Choose a starting package set

For a minimal install:

pip install ginext

For Gio support:

pip install ginext ginext-gio

For GTK applications:

pip install ginext ginext-gio ginext-gtk

If you are working from this repository, the optional dependency groups are also exposed as extras in the project metadata:

pip install "ginext[gio]"
pip install "ginext[gio,gtk]"

Python version

This project currently targets Python >=3.14, so the first installation check is making sure you are using a supported interpreter.

Verify the environment

After installation, verify that imports work:

python -c "from ginext import GLib; print(GLib)"
python -c "from ginext import Gio; print(Gio.File)"
python -c "from ginext import Gtk; print(Gtk.Button)"

Use the last two only if you installed the corresponding namespace packages.
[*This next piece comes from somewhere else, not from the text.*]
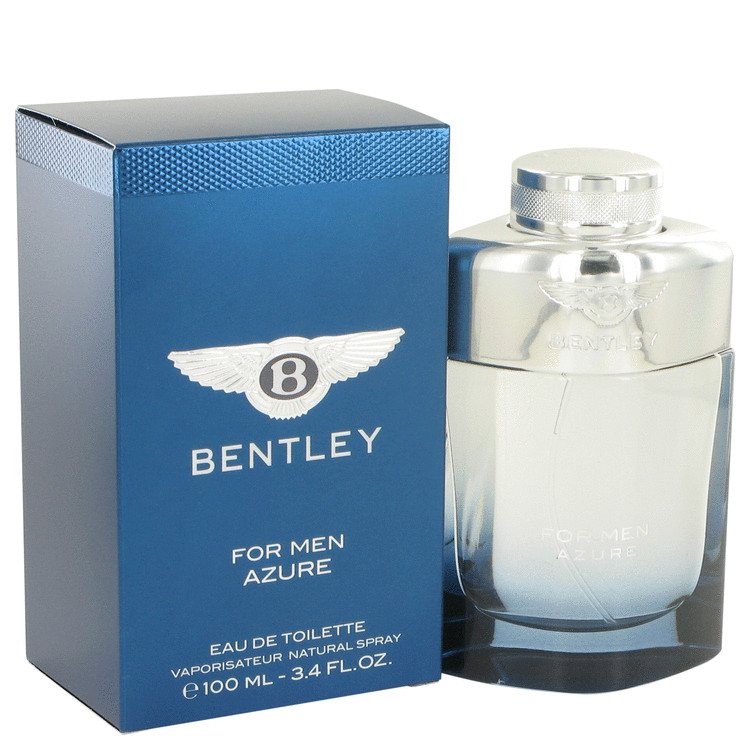 Bentley Azure by Bentley Eau De Toilette Spray 3.4 oz Men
When compatibility packages matter

If you need the older gi.repository compatibility layer rather than the native ginext API, install the compat package separately instead of assuming the core package provides it by default.

That path belongs in migration scenarios, not as the default recommendation for new code.

Working from this checkout

In this repository, the normal development flow uses uv and the workspace packages:

uv sync
uv run python -c "from ginext import Gio, Gtk; print(Gio.File, Gtk.Button)"

That is the quickest way to get a local docs or examples workflow running from source.